Medien und deren Akteure sind heute vielfach zu Zensoren geworden, die unter dem Druck der Geschwindigkeit und von Social media alles und jedes unmittelbar bewerten und kommentieren (müssen). Gut oder schlecht, falsch oder richtig. Daumen rauf und Daumen runter. Darüber hinaus gibt es noch „Reisende“ in Sachen Diskussionsrunden, wo dieselbe Vorgangsweise fast tribunalartig stattfindet. Die Daumen kennen keine Schattierungen wie oben beschrieben. Sie verstärken den Schwarz-Weiss Effekt.

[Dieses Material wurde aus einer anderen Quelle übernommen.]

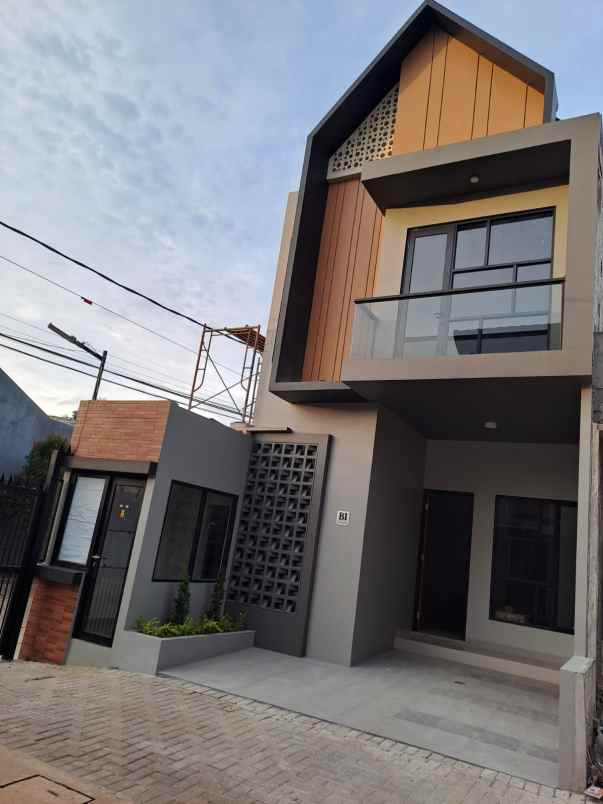 rumah cantik di reni jaya di atas villa pamulang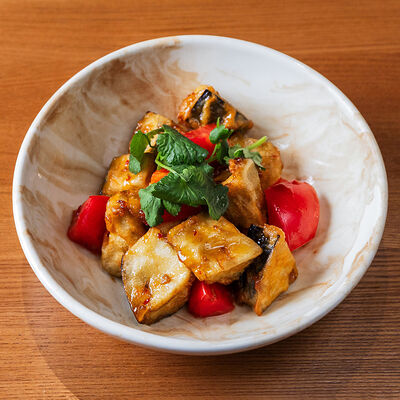 Баклажан фри со спелыми томатами в Горячо по цене 630 ₽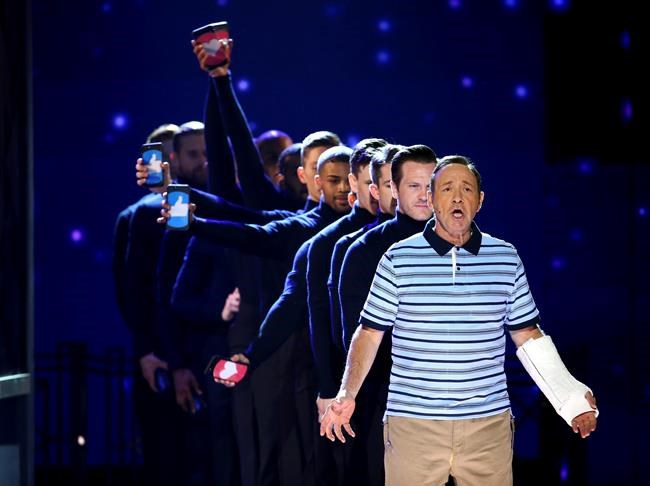 Outsiders make good as 'Dear Evan Hansen' wins big at Tonys | iNFOnews.ca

 Das hat Auswirkungen auf die Politik und deren Handeln. Für Grundsatzdiskussionen ist kein Raum mehr. Vorschläge der Politik münden in Mutlosigkeit und enden in Populismus. Wenn egal wird, was die Politik tut und wie sie es tut, ist der Weg des geringsten Widerstands eine fast logische Folge. Warum auch noch die andere Wange hinhalten? Der Medienexperte David Altheide schreibt 2002 (!) in seinem Buch „Creating Fear“: „Die Zuversicht kämpft auch deshalb auf verlorenem Posten, weil die Angst groß darin ist, jedes Einzelereignis zur Aufladung der Angstvorräte zu benutzen.“

Maß nehmen an Hugo Portisch

Wo wird das enden? Vielleicht sollten Journalisten an Hubert Patterer Maß nehmen: „Die sozialen Netzwerke sind kein guter Ort für unser Publizieren. Sie fördern zweifelhafte Eigenschaften, die Eitelkeit, das Zählen von Gefolgschaft, follower, ein verräterisches Wort, sie fördern das, wovon wir uns abgrenzen sollten: das ungefilterte, schwellenlose, reflexhafte Sprechen, die knallige Emotion, die Polemik, das Abwertende, die Punze, die wir anderen draufknallen, wenn jemand ungut wird, die Diskreditierung und Gnadenlosigkeit; vor allem fördern sie den Konformismus, die Selbstähnlichkeit, den Gleichklang. Wir sollten raus aus der schrillen Überzeichnung und rein in die Zwischentöne und Zwischenräume, dort, wo wir uns der Wahrheit am ehesten annähern können. Für den Schriftsteller Alois Brandstetters war Maßhalten die höchste geistige Disziplin. Wir verstoßen gegen sie in Permanenz.“

Die Grundlagen für guten Journalismus waren schon zur Zeit von Hugo Portisch leicht verständlich. Die richtigen Themen erkennen. Wissen, was die Menschen wirklich interessiert. Die Themen nicht färben oder populistisch aufbereiten, sachlich bleiben und dennoch Dinge in Bewegung bringen. Und: Journalisten dürfen keine politisch Handelnden sein. Grundsätze, die in Zeiten von KI ganz besondere Bedeutung erfahren.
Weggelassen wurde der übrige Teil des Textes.